• [RECORDED INFORMATION]:
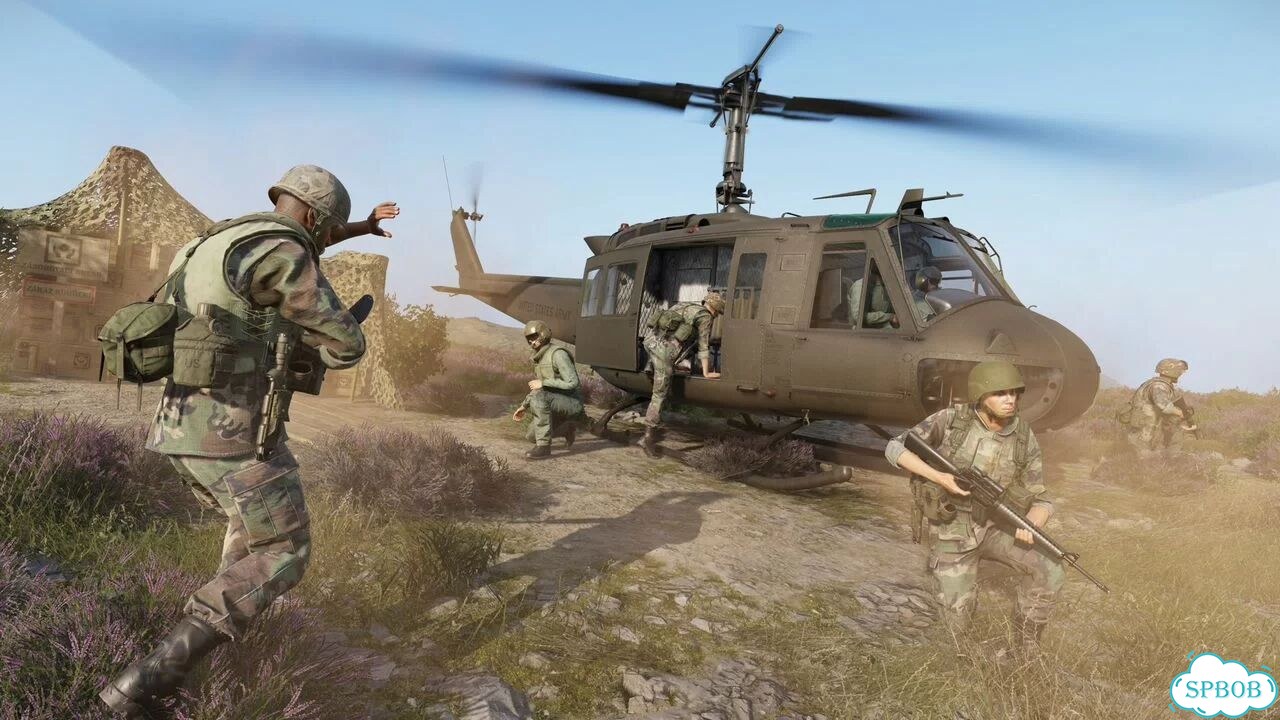 Arma Reforger PS5 На Русском фото 7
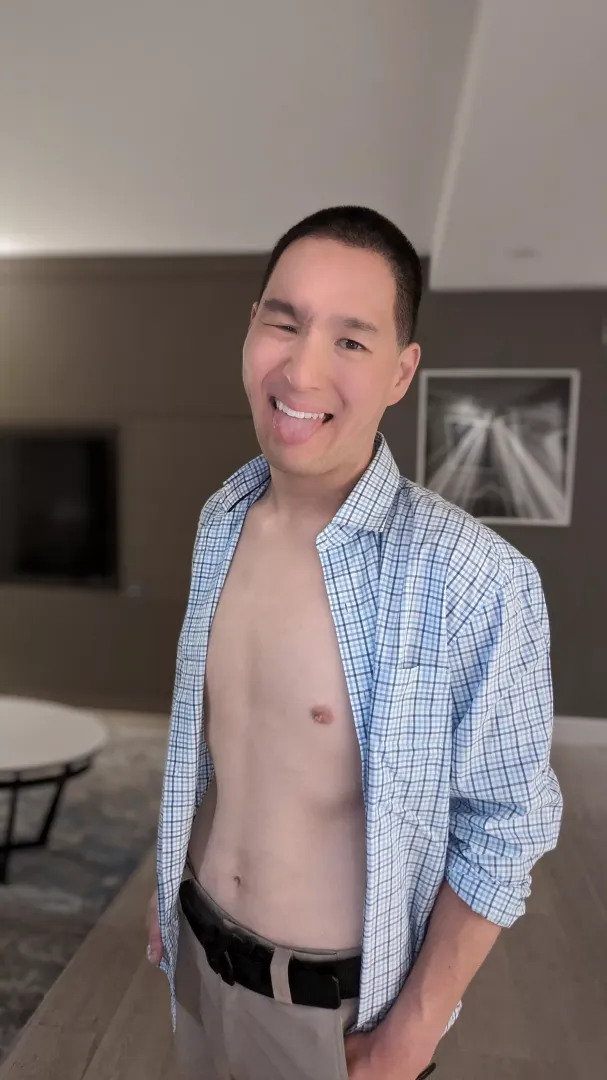 😜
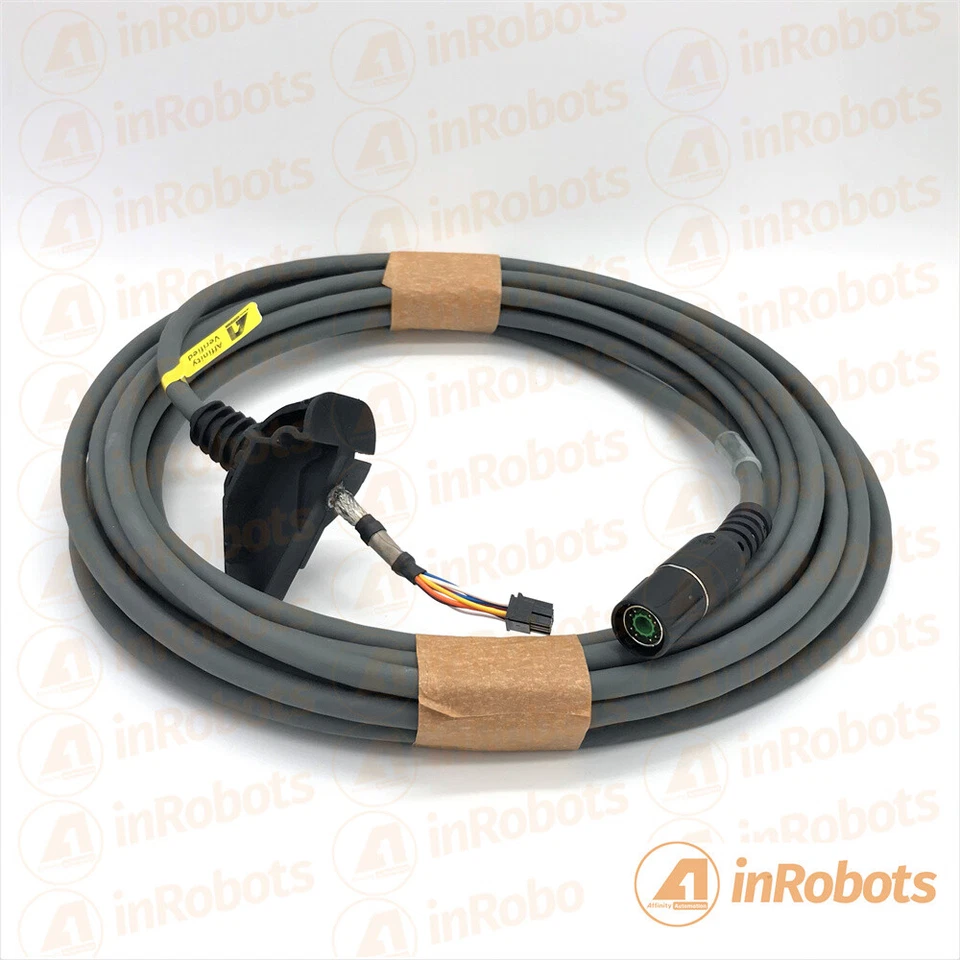 10m 00-181-563 Cable For KUKA KRC4 00-168-334 Teach Pendant 2 years warranty - Image 2 of 4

• [WHAT YOU HAVE TO DO]: Would you restate the listing word for word and leave every picture out?

• [ANSWER]:
 Arma Reforger PS5 На Русском фото 7
 😜
 10m 00-181-563 Cable For KUKA KRC4 00-168-334 Teach Pendant 2 years warranty - Image 2 of 4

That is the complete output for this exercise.